Economic and Structural Reforms
The Government of the D.R.C. continues to build on economic reforms initiated in 2001 aimed at stabilizing the macroeconomic situation and promoting economic growth. Reforms included liberalization of petroleum prices and exchange rates and adoption of disciplined fiscal and monetary policies. These policies have been successful in reducing inflation and supporting the resumption and acceleration of economic growth since 2002. The D.R.C.’s economy grew by 5.6% in 2006, 6.32% in 2007, and 6.15% in 2008. Inflation was reduced from over 501% in 2001 to approximately 15% in 2011.
The D.R.C.’s development framework includes implementation of the Poverty Reduction Strategy Paper (PRSP), approved in mid-2006 by the IMF and World Bank boards, and the government's 5-year program, approved by the National Assembly in February 2007. The 5-year program, known as the five pillars or “cinq chantiers” in French, is based on the PRSP and focuses heavily on President Kabila's five priority areas: infrastructure; employment; education; water/electricity; and health. Many donors had disengaged from the D.R.C. prior to 2002.
In early 2008, the Government of the D.R.C. concluded a U.S. $9.2 billion minerals-for-infrastructure agreement with the Chinese Government. Under pressure from international financial institutions and donors concerned about the potential negative effect of this deal on the D.R.C.’s debt burden, the Government of the D.R.C. and the Chinese amended the agreement in November 2009, reducing the overall value of the agreement by $3 billion among other changes.
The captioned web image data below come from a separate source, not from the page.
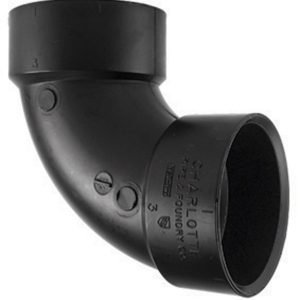Charlotte Pipe 4 in. Hub X 4 in. D Hub ABS 90 Degree Elbow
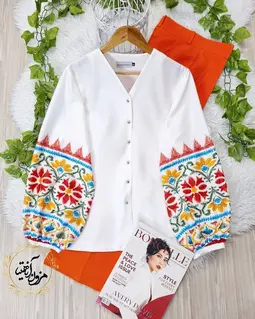 شومیز آستین پفی سفید طرح سنتی رنگی ملکه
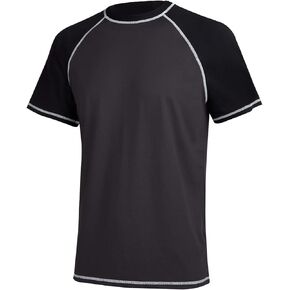 TENEMT Men’s UPF 50+ Rash Guard Short Sleeves Swim Shirts Athletic Beach Workout Swimwear Loose Fit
As a result, the IMF Board of Directors approved on December 11, 2009, a new, 3-year Extended Credit Facility (ECF) program.
In recent years, the Congolese Government has updated and approved several new laws including the investment code, the mining code, the agricultural law, the public finance law, and the procurement code. It has also designed a new commercial court. The goal of these initiatives was to attract investment by promising fair and transparent treatment to private business. The D.R.C. Government recently established an inter-ministerial committee called the “Steering Committee for Investment and Business Climate Improvement” to support reforms that would improve the business climate.
In December 2009, the Congolese parliament approved a law authorizing the D.R.C.’s accession to the Organization for the Harmonization of Business Law in Africa (OHADA), and President Kabila promulgated this law in February 2010. The Government of the D.R.C. officially launched the National OHADA Commission in April 2010. However, as of January 2012 the D.R.C. had not yet signed and deposited the instrument of OHADA accession.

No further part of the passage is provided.